The Securities and Exchange Board of India (SEBI) released an amended set of guidelines on takeovers and equity.

What is the relaxation regarding fresh equity?

  • They sought to make it easier for entrepreneurs and promoters to raise fresh equity during 2020-21.
  • Promoters may acquire up to 10% of shareholding via the creeping acquisition route without triggering mandatory open offers under the Takeover Code.
  • [The previous threshold for this route was up to 5% of equity annually.
  • Beyond this, the process of a mandatory open offer was triggered.]
  • However, the new 10% limit doesn’t apply to secondary market operations.
  • The acquisition must occur through a preferential offer where the promoter group issues new shares to itself.
  • This relaxation will be in force only until March 31, 2021.

What is the relaxation regarding voluntary open offers?

  • SEBI has also relaxed the provisions for voluntary open offers.
  • Earlier, a shareholder having 25% or more of shares, or voting rights, was permitted to make a voluntary open offer.
  • But this was pemitted only if he had not acquired any shares via the creeping acquisition route in the preceding 52 weeks.
  • That condition has now been relaxed till March 31, 2021.
  • This would enable promoters to use the creeping acquisition route and also make an open offer if they so choose.
  • However, the overall limit of 75% shareholding for a listed company remains.

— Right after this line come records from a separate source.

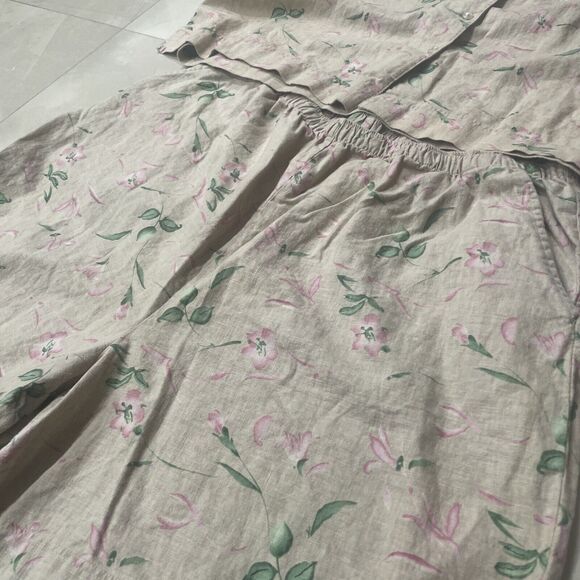 JR Bentley Plus Vintage Beige Floral Linen Shirt And Short Size 24 Set Women - Picture 6 of 9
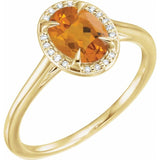 14K Yellow 8x6 mm Natural Citrine &amp; .04 CTW Natural Diamond Ring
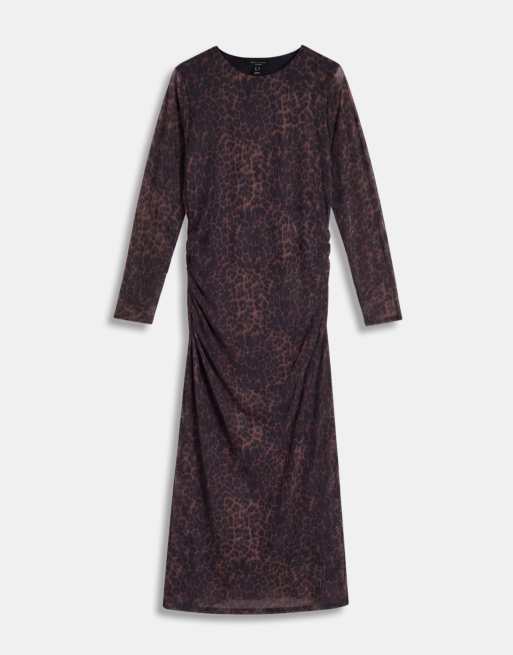 New Look Curve midi-jurk van mesh met plooien in bruine luipaardprint, 5 van 8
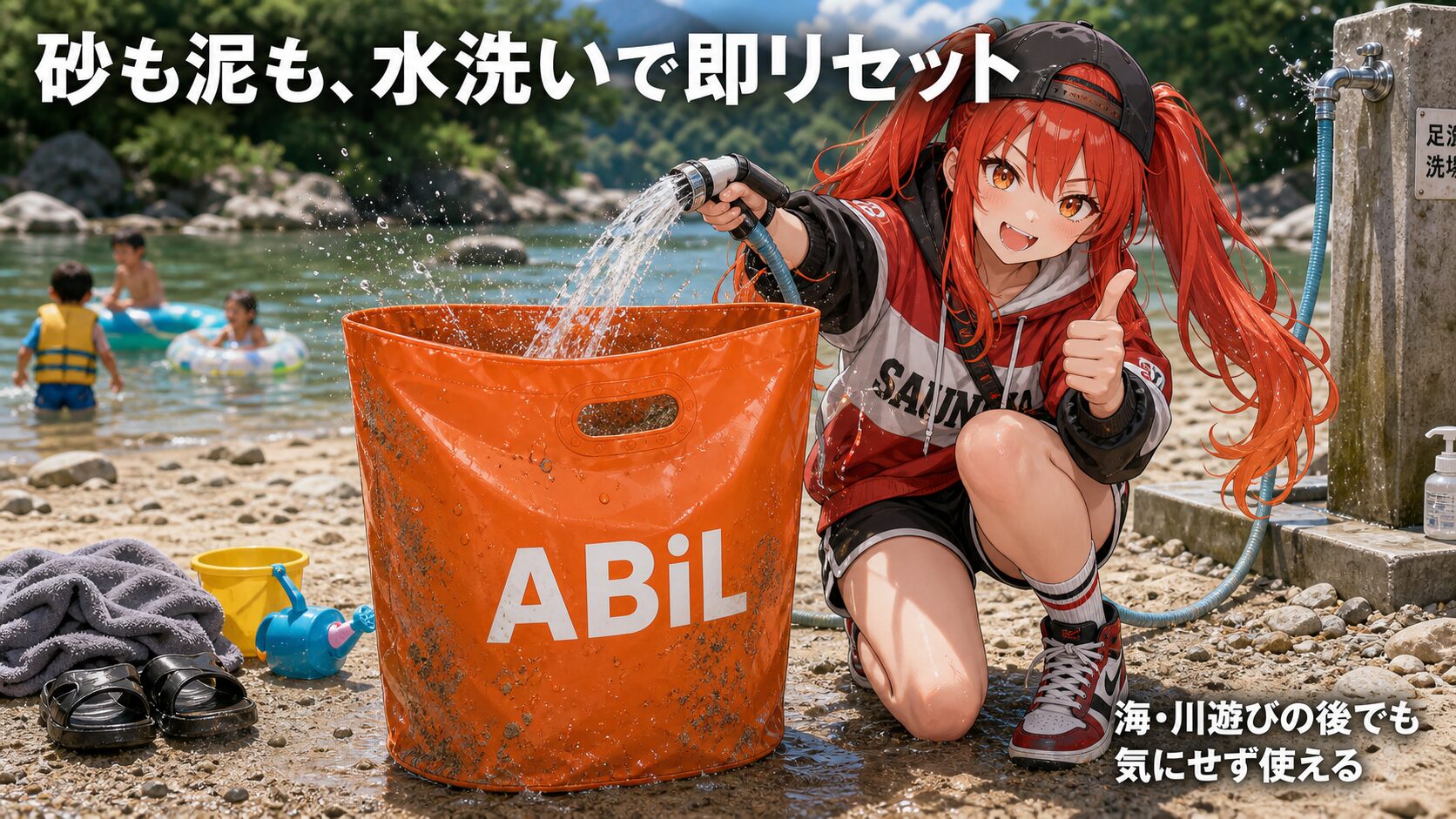 アカリが解説する砂・泥でも水洗いできるシーン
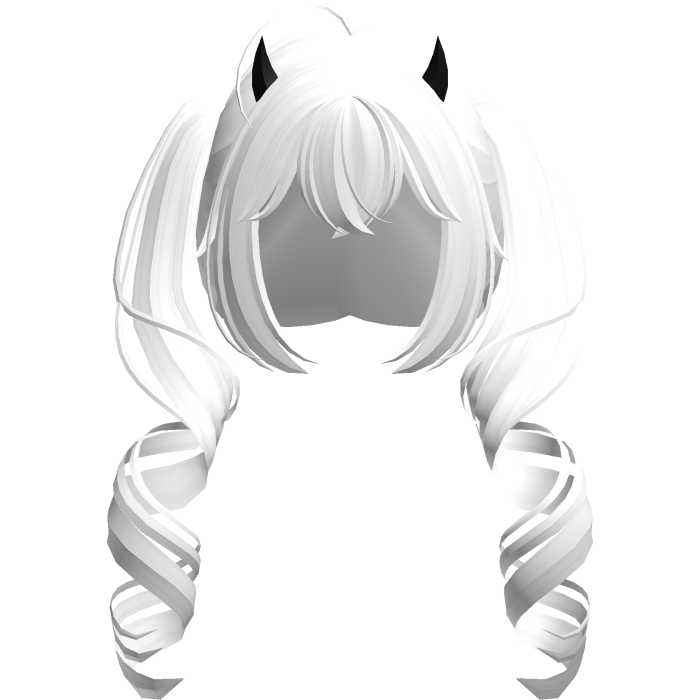 cute anime devil curly white pigtails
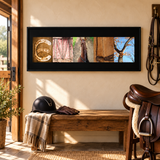 Personalized EMILY horse photo letter art displayed in an equestrian tack room with a saddle and riding gear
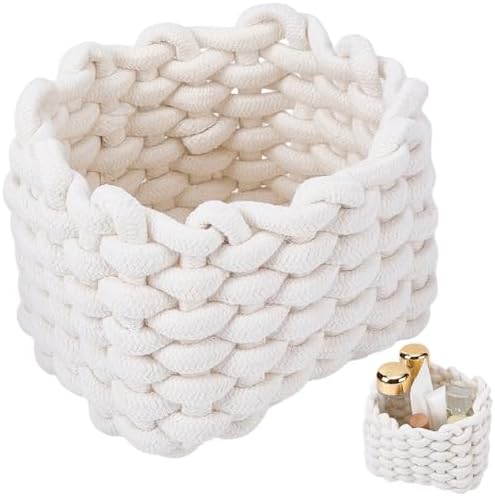 CREATCABIN Woven Small Baskets Cotton Rope Baskets for Organizing Bins White Mini Tiny Baskets Boho Square Storage Basket for Nursery Cosmetics Living Room Bathroom Cube Shelf Home Decor 7x5x6Inch by CREATCABIN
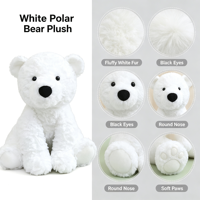 Boneka Beruang Kutub Plushie Custom, Boneka Beruang Putih Lembut Berbulu Keriting untuk Hadiah dan Dekorasi Rumah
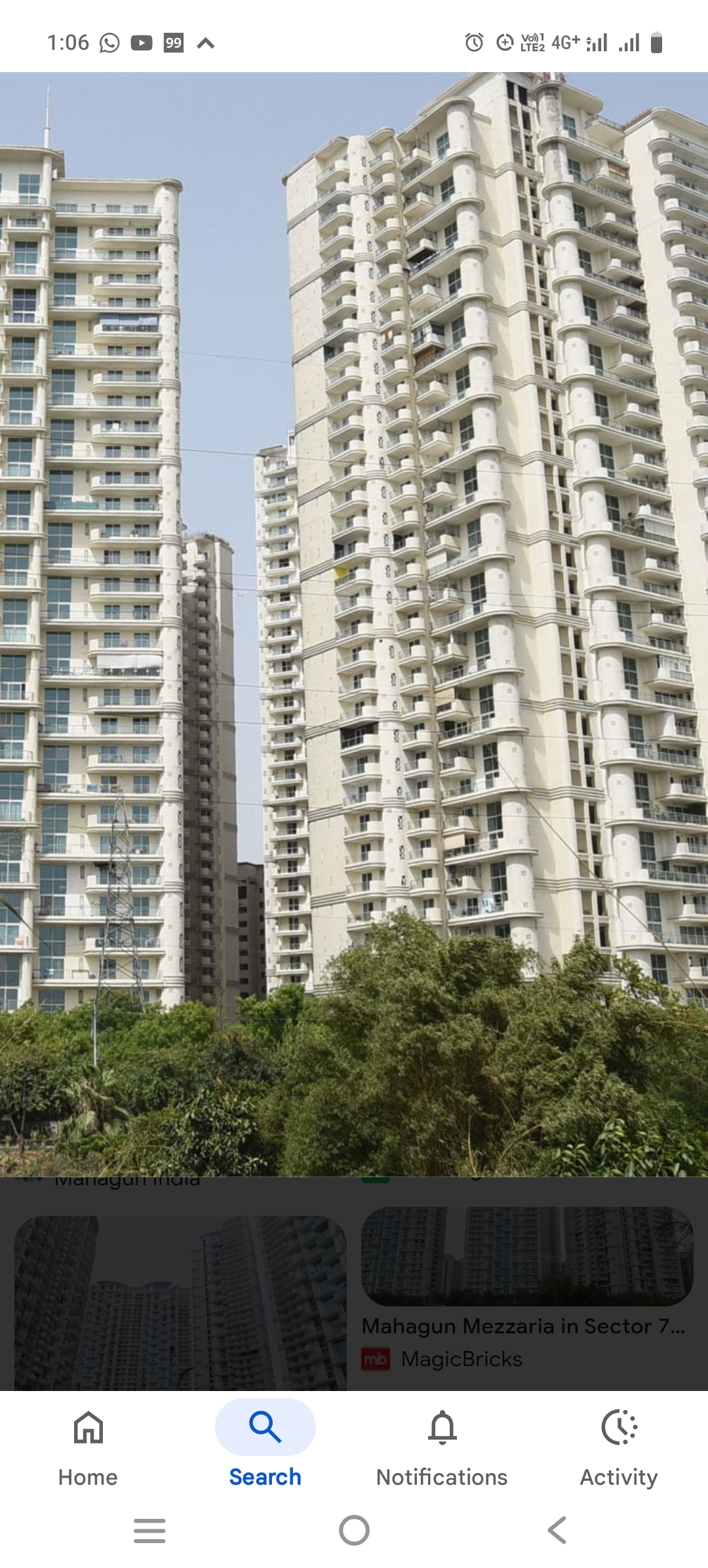 4 BHK Apartment – Exterior View View at Mahagun Mezzaria, Sector 78 - for Rent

What is the relaxation regarding QIP funding

 

  • Another relaxation pertains to the interval between accessing qualified institutional placement (QIP) funding for a listed company.
  • Compared with an initial public offer, raising money from QIPs is a relatively easy process in terms of compliance.
  • However, prior to this, follow-on public offers (FPOs) made to institutional investors had to be staggered at an interval of at least 6 months.
  • That period has now been reduced to 2 weeks, again only with respect to the 2020-21 fiscal year.

What is the conclusion?

  • These measures would offer some comfort to cash-strapped companies struggling to fund operations during these difficult times.
  • These relaxations remove the need to take on more debt, which is difficult due to the enormous amount of government borrowing and is crowding out private players from the bond market.
  • Companies can now access funding via the equity route.
  • They can tap into both promoter funding and QIP funding using the FPO route.
  • Since stock-market valuations are down due to the pandemic and lockdown, committed promoters see this as a good time to increase their shareholding.
  • One can make a case that SEBI could have been even more liberal with the annual thresholds while keeping the 75% limit unchanged.
  • As of now, with both consumption and demand trending low, most companies may not see a great need to raise long-term capital.
  • However, as and when activity picks up, these relaxations will make it easier for companies to access capital.
  • India could see a spate of follow-on and preferential offers in the second half of the fiscal year if the economy does rebound.